> [Directions for this task]
Write out again the lines from the line with "Santec - Hana" up to and including the line with "Raffles style armchair", exactly as they stand below, and skip any picture.

(Material for this exercise Opens)

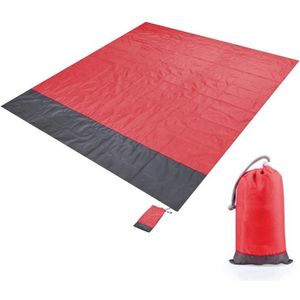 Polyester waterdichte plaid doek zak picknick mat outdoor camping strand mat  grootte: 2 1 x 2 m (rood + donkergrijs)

(Material for this exercise Closes)
(Material for this exercise Opens)

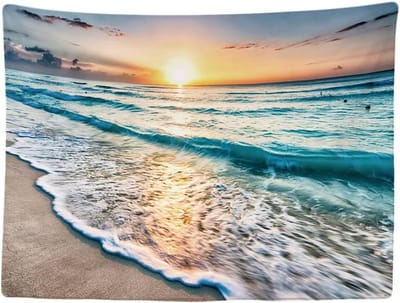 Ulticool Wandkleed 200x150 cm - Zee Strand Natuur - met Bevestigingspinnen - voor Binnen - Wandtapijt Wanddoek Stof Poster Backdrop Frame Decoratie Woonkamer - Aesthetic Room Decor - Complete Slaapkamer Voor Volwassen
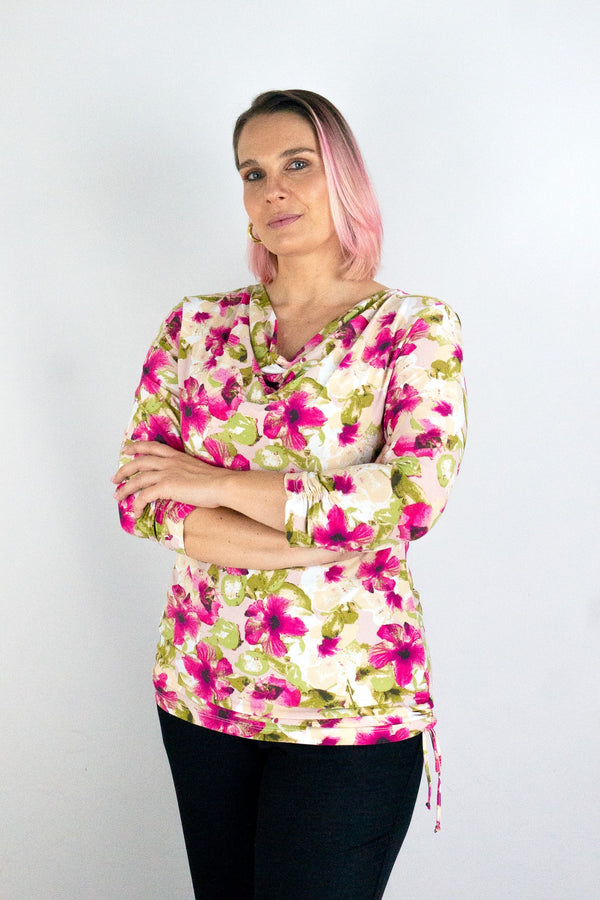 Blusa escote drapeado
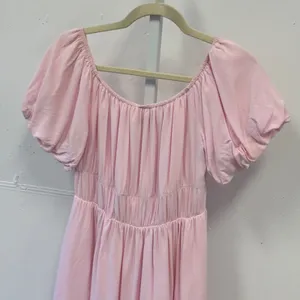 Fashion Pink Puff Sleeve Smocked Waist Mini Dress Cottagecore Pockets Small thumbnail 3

(Material for this exercise Closes)
(Material for this exercise Opens)

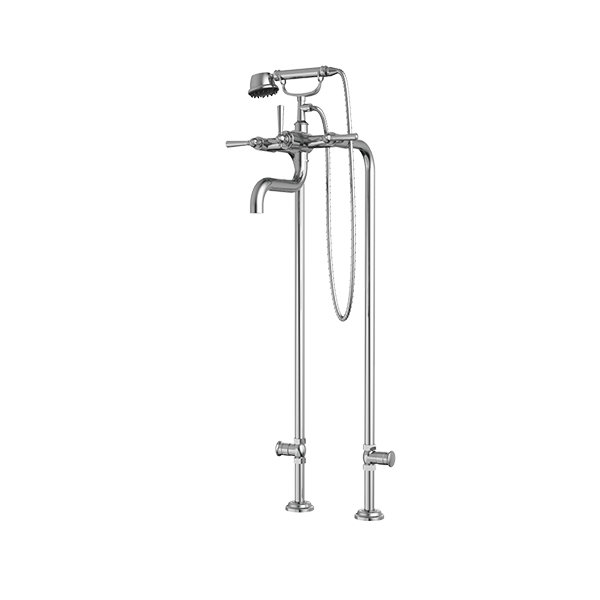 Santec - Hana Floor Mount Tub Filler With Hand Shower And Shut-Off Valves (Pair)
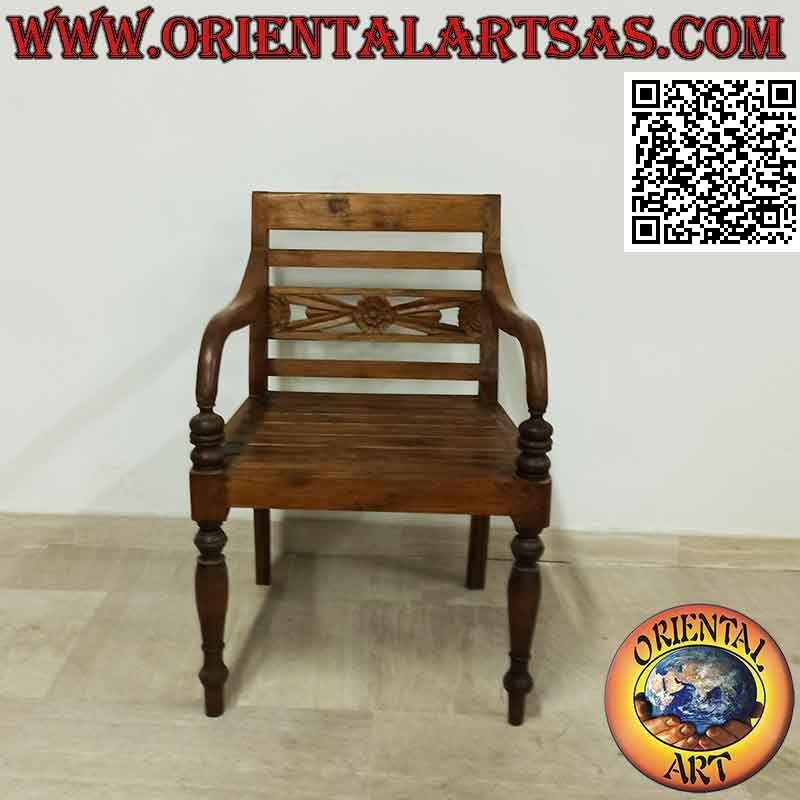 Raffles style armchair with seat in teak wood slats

(Material for this exercise Closes)

> [Answer below]
 Santec - Hana Floor Mount Tub Filler With Hand Shower And Shut-Off Valves (Pair)
 Raffles style armchair with seat in teak wood slats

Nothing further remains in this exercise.